Instructions for the task: Nothing may be added, dropped, or altered; restate the listing word for word.

Top of Material shown

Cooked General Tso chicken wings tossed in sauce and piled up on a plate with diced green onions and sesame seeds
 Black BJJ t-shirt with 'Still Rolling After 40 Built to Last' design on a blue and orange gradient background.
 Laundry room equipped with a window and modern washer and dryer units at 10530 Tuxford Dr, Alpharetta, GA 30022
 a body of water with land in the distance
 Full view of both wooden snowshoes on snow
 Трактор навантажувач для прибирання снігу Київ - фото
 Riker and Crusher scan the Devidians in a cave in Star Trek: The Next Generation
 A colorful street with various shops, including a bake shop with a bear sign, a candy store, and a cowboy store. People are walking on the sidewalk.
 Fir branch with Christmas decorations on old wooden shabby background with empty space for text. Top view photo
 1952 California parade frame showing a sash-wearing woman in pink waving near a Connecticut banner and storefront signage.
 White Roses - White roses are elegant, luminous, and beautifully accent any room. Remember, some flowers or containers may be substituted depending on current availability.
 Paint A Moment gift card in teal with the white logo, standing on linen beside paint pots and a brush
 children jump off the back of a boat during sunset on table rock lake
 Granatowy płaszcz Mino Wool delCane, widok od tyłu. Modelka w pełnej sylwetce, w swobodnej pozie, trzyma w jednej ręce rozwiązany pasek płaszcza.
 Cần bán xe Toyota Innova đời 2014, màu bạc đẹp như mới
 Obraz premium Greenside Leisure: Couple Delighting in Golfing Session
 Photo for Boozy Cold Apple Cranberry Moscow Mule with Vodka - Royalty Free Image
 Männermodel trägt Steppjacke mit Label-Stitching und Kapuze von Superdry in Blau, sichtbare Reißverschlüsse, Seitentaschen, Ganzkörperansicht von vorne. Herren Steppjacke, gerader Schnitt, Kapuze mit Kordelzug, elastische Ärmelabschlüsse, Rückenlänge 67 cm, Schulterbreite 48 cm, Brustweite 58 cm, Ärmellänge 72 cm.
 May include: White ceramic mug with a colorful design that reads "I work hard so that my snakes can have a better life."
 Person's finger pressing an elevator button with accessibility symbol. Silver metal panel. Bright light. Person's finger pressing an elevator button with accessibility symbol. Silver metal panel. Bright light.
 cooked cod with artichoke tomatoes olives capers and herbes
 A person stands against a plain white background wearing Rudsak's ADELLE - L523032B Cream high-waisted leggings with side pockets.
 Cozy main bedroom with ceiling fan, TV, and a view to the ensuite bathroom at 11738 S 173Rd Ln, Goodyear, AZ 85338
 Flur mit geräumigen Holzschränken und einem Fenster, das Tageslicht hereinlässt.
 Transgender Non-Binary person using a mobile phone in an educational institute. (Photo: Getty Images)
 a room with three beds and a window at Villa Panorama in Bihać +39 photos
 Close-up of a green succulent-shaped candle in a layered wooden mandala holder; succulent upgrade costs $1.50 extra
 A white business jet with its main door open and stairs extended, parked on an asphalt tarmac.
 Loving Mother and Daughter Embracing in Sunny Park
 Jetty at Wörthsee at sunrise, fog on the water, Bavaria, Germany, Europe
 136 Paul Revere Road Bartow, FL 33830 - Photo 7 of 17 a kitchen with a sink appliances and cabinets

Bottom of Material shown

Solution below:
Cooked General Tso chicken wings tossed in sauce and piled up on a plate with diced green onions and sesame seeds
 Black BJJ t-shirt with 'Still Rolling After 40 Built to Last' design on a blue and orange gradient background.
 Laundry room equipped with a window and modern washer and dryer units at 10530 Tuxford Dr, Alpharetta, GA 30022
 a body of water with land in the distance
 Full view of both wooden snowshoes on snow
 Трактор навантажувач для прибирання снігу Київ - фото
 Riker and Crusher scan the Devidians in a cave in Star Trek: The Next Generation
 A colorful street with various shops, including a bake shop with a bear sign, a candy store, and a cowboy store. People are walking on the sidewalk.
 Fir branch with Christmas decorations on old wooden shabby background with empty space for text. Top view photo
 1952 California parade frame showing a sash-wearing woman in pink waving near a Connecticut banner and storefront signage.
 White Roses - White roses are elegant, luminous, and beautifully accent any room. Remember, some flowers or containers may be substituted depending on current availability.
 Paint A Moment gift card in teal with the white logo, standing on linen beside paint pots and a brush
 children jump off the back of a boat during sunset on table rock lake
 Granatowy płaszcz Mino Wool delCane, widok od tyłu. Modelka w pełnej sylwetce, w swobodnej pozie, trzyma w jednej ręce rozwiązany pasek płaszcza.
 Cần bán xe Toyota Innova đời 2014, màu bạc đẹp như mới
 Obraz premium Greenside Leisure: Couple Delighting in Golfing Session
 Photo for Boozy Cold Apple Cranberry Moscow Mule with Vodka - Royalty Free Image
 Männermodel trägt Steppjacke mit Label-Stitching und Kapuze von Superdry in Blau, sichtbare Reißverschlüsse, Seitentaschen, Ganzkörperansicht von vorne. Herren Steppjacke, gerader Schnitt, Kapuze mit Kordelzug, elastische Ärmelabschlüsse, Rückenlänge 67 cm, Schulterbreite 48 cm, Brustweite 58 cm, Ärmellänge 72 cm.
 May include: White ceramic mug with a colorful design that reads "I work hard so that my snakes can have a better life."
 Person's finger pressing an elevator button with accessibility symbol. Silver metal panel. Bright light. Person's finger pressing an elevator button with accessibility symbol. Silver metal panel. Bright light.
 cooked cod with artichoke tomatoes olives capers and herbes
 A person stands against a plain white background wearing Rudsak's ADELLE - L523032B Cream high-waisted leggings with side pockets.
 Cozy main bedroom with ceiling fan, TV, and a view to the ensuite bathroom at 11738 S 173Rd Ln, Goodyear, AZ 85338
 Flur mit geräumigen Holzschränken und einem Fenster, das Tageslicht hereinlässt.
 Transgender Non-Binary person using a mobile phone in an educational institute. (Photo: Getty Images)
 a room with three beds and a window at Villa Panorama in Bihać +39 photos
 Close-up of a green succulent-shaped candle in a layered wooden mandala holder; succulent upgrade costs $1.50 extra
 A white business jet with its main door open and stairs extended, parked on an asphalt tarmac.
 Loving Mother and Daughter Embracing in Sunny Park
 Jetty at Wörthsee at sunrise, fog on the water, Bavaria, Germany, Europe
 136 Paul Revere Road Bartow, FL 33830 - Photo 7 of 17 a kitchen with a sink appliances and cabinets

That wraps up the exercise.